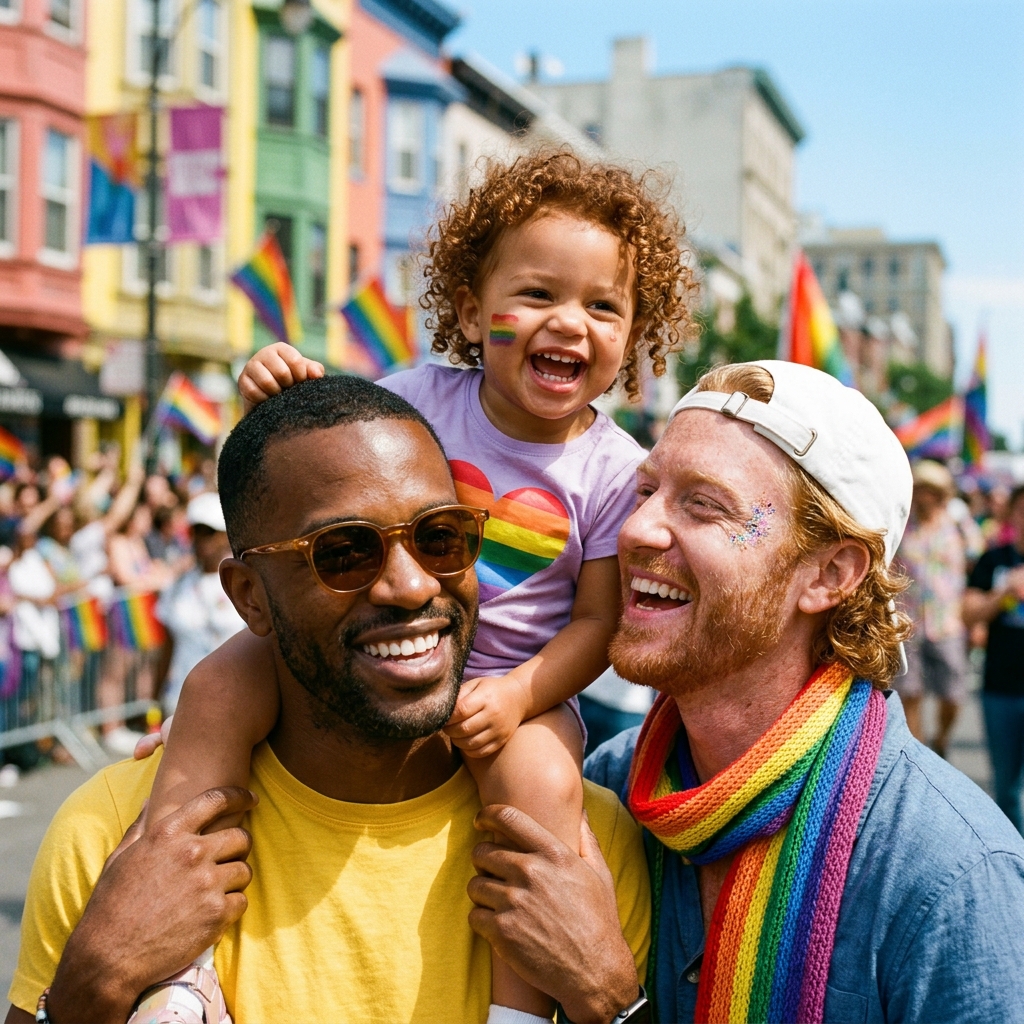 Fathers and toddler at Pride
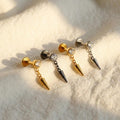 16G Titanium Dangle Stud Earring • Tragus Earring • Helix • Cartilage • Internally threaded • Flat Back Earring • Gift for Her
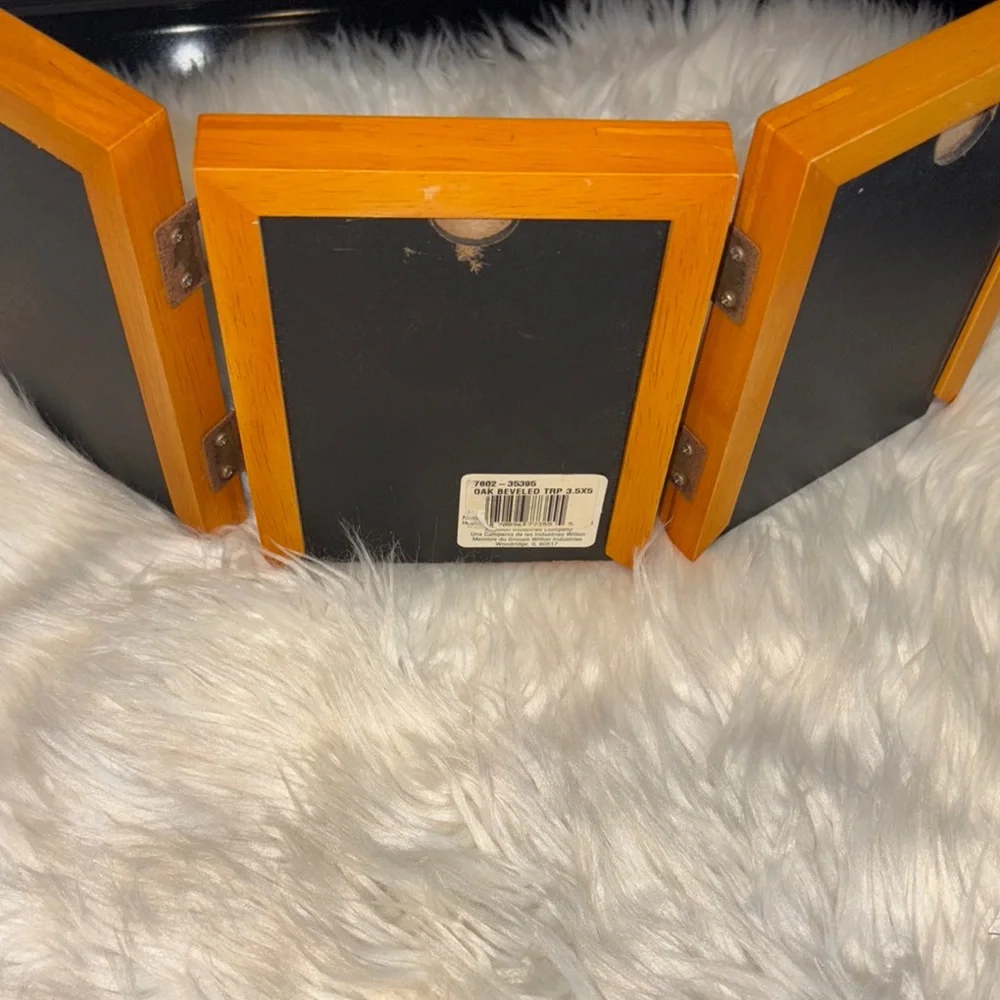 Wooden Triple Photo Frame with Sports Memorabilia (Peyton Manning)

------

In the data above, find the line with "16G Titanium Dangle" and repeat it and every line after it through the end, exactly; leave the pictures out.

 16G Titanium Dangle Stud Earring • Tragus Earring • Helix • Cartilage • Internally threaded • Flat Back Earring • Gift for Her
 Wooden Triple Photo Frame with Sports Memorabilia (Peyton Manning)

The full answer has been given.